__Aim of the exercise__: Restate, word for word and with no pictures, the stretch of lines in the data below that begins at the line with "Carol o rozmnażaniu Zyskaj rośliny za darmo" and ends at the line with "Chihuahua cani in", inclusive.

__Entries provided__:
○ ○ ○

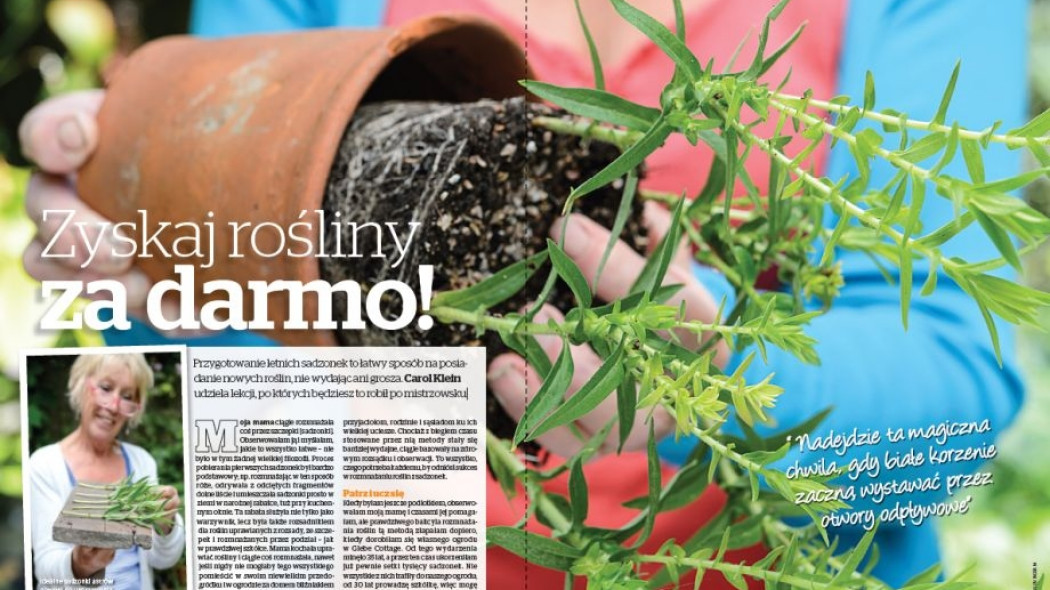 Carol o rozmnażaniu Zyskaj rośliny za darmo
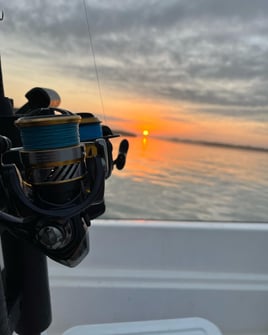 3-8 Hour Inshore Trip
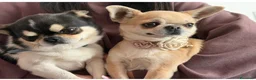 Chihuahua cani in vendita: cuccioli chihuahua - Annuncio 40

○ ○ ○

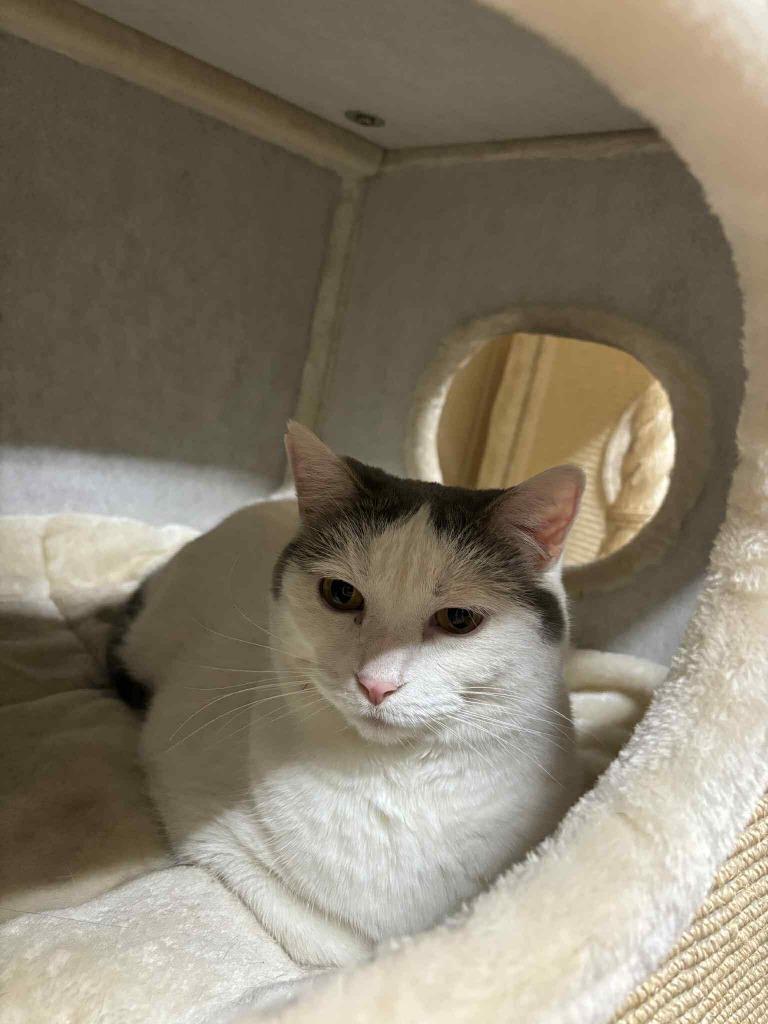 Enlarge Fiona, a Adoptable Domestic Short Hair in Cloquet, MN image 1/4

○ ○ ○

__Result of the exercise__:
 Carol o rozmnażaniu Zyskaj rośliny za darmo
 3-8 Hour Inshore Trip
 Chihuahua cani in vendita: cuccioli chihuahua - Annuncio 40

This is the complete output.